Поэтому разбираемый нами метод встретили, в общем, неблагосклонно и плохо его поняли. В нем хотели видеть торжество неразборчивой компиляции, основываясь на том, что он не оставляет без внимания ни одного свидетельства, хотели видеть в нем отказ от критики всякого индивидуального суждения и, наконец, полнейший скептицизм. Напротив, автор тщательно взвешивает все свои материалы; его личное мнение не стушевывается, но, хотя бы и скромно, выставляется наряду с другими, и, наконец, его так называемый скептицизм представляет собою лишь хорошо осведомленный релятивизм.
И несомненно, первое применение этого способа к «Фаусту» Гёте – автор охотно признает это – еще грубо. Но если этот сложный, подвижной, непрерывно приспособляющийся способ беспристрастного обозначения освободить от временного аппарата цифр, служащего лишь лесами для постройки, то он оказывается полезным инструментом для работы: не уничтожая ни одного из других методов, он предоставляет каждому из них возможность принести, напротив, максимум пользы.
Глубочайшее значение этого приема – далеко не ничтожное – заключается в том, что он служит как бы введением, очень скромным и в то же время весьма честолюбивым, в методологию эстетики и приучает к социологической точке зрения. Понятый в этом смысле прием этот, каковы бы ни были его усовершенствования в будущем и его более законченная форма, еще не сказал, конечно, своего последнего слова.
Глава четвертая. ДОГМАТИЧЕСКАЯ КОНЦЕПЦИЯ ИМПРЕССИОНИЗМА
I. НАУЧНОЕ ЗНАЧЕНИЕ ОТНОСИТЕЛЬНОГО ДОГМАТИЗМА
Научная культура составляет в настоящее время неотъемлемую часть всей нашей жизни. С давних пор она отражается на наших религиозных и политических мнениях и на нашей моральной деятельности; по какому же праву откажем мы ей во влиянии на наше эстетическое созерцание и суждение, если мы «всей нашей душой», как говорит Платон, стремимся к прекрасному? Почему станем мы выражать изумление лишь некоторыми нашими способностями, произвольно исключая другие, как если бы они не были согласны в своей деятельности? Почему не восхищаться нам всей нашей индивидуальностью, какою сложила ее современная жизнь?
Течение это непреодолимо, идти против него нельзя. «Наука – первое условие серьезного восхищения» для современного человека, по выражению Ренана.
С другой стороны, пусть наша непроизвольная интуиция защищает свои права на существование и сохраняет за собою область, в которой восхищение не может и не хочет быть всегда «серьезным»: это вполне законно, даже может быть необходимо для существования искусства, которое есть прежде всего игра или роскошь; и в этом отношении импрессионизм, конечно, содержит долю истины.
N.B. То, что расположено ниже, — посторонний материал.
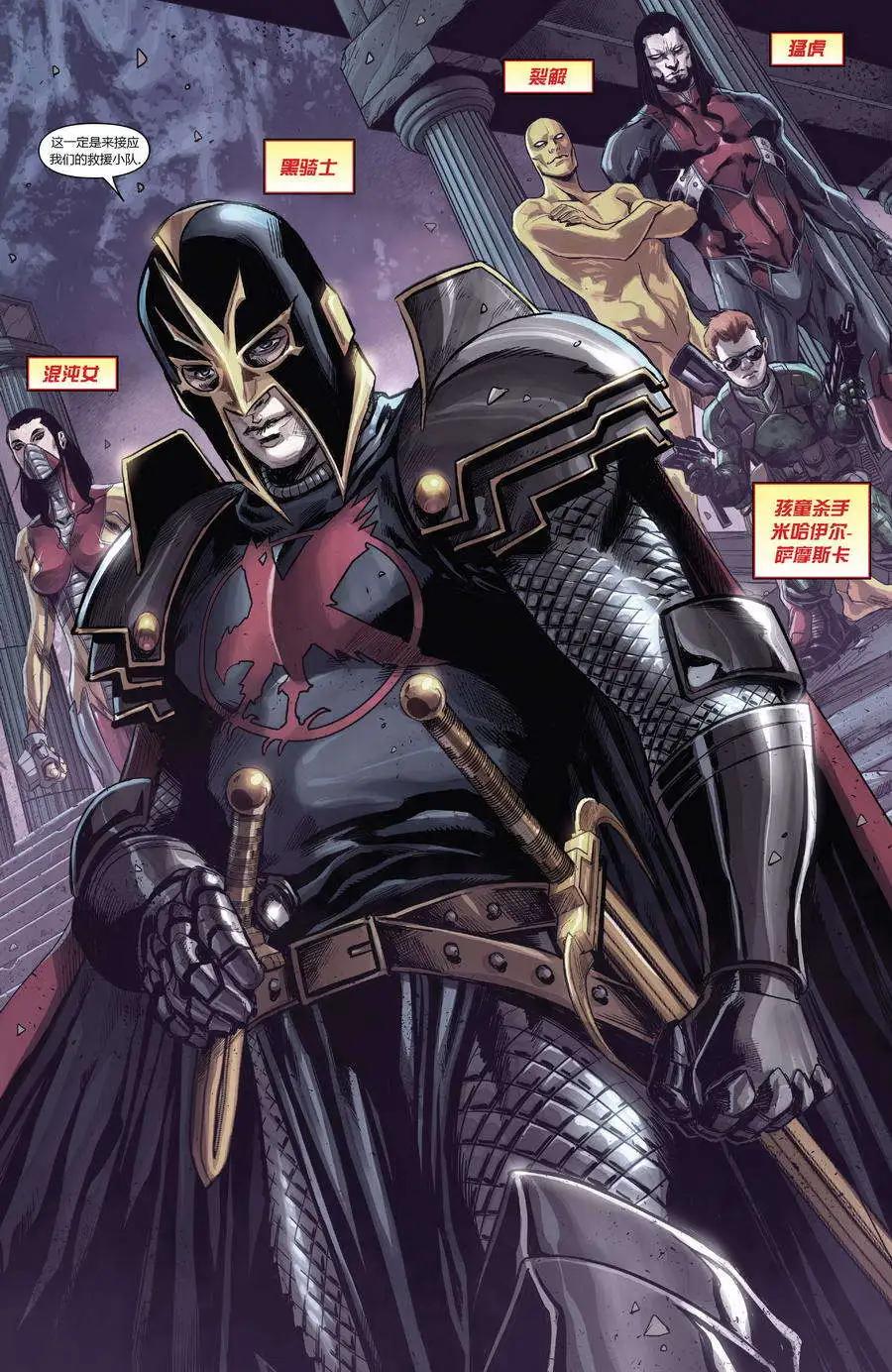 《复仇者世界ALL-NEW Marvel Now》第08卷 第10页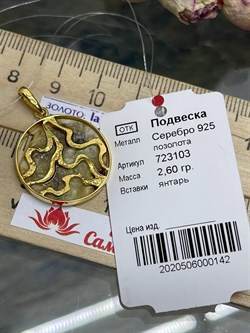 *Подвеска Янтарь арт. 723103п-142 Вес 2,6 г - фото 298195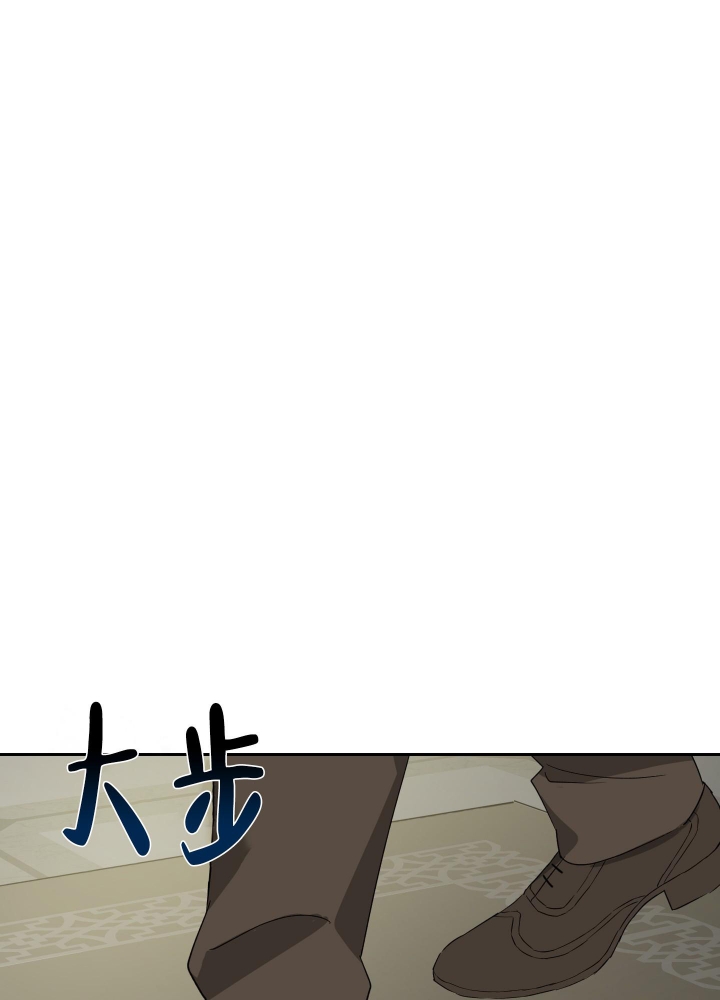 《雇工》漫画最新章节第97话免费下拉式在线观看章节第【1】张图片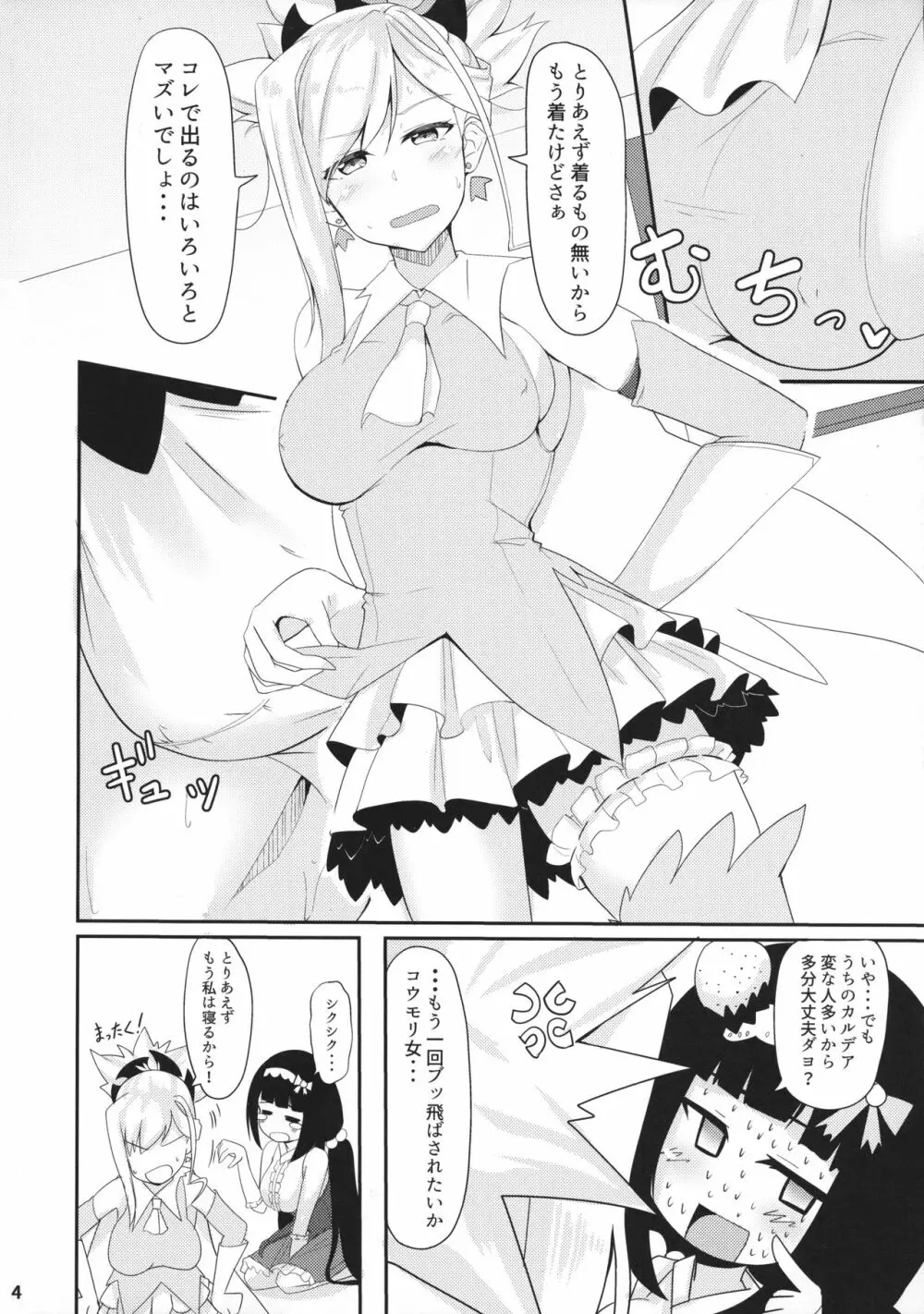 Cosplay's Manhattan - page4
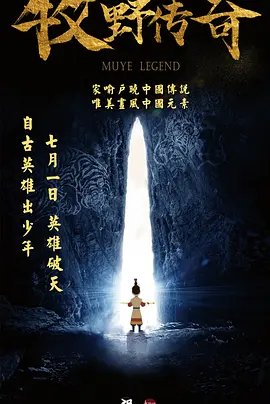 亚洲国产精品久久久久秋霞66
Но мы не смогли бы переменить нашу природу, которая теперь пропитана наукой и стремится к научному объяснению; всякий раз, когда мы будем раздумывать над нашими наиболее необдуманными интуициями (а рефлексия необходима даже в этой области – или, вернее, в особенности, в этой области), это будет принимать все более научную форму и постепенно устранять метафизический или ораторский характер.
Прискорбно видеть, как ежедневно раздаются по адресу научной эстетики те же самые гневные декламации, которые каждое поколение выдвигало против всякого нового искания, выступавшего в качестве положительной науки: в древности – против физики, которую Сократ отказывался похищать у богов, в новейшие времена – против физиологии, этого нового нечестия, позже – против психологии и социальных наук как новой профанации: противники новой науки всегда усматривают святотатство в ее завоеваниях. Но священные вещи одна за другою опускаются с небес на землю; это будет законом и для эстетики, как и для всех других наук.
Таким образом, можно утверждать, что в наш научный век импрессионизм и догматизм не находятся друг с другом в действительно неразрешимом противоречии, из этих тезиса и антитезиса каждый день пред нами возникает синтез.
То, что импрессионизм вносит положительного в эстетику, это идея относительности. Ему лишь недостает признания, что всякое отношение может быть выражено законом, хотя бы и крайне сложным и подвижным. То же, что нужно удержать от догматизма, это его концепция необходимого закона, но ведь всякий закон, согласно его определению, представляет собою отношение. Его основной недостаток заключается в том, что он слишком часто воздерживается от этого признания или же хочет его забыть.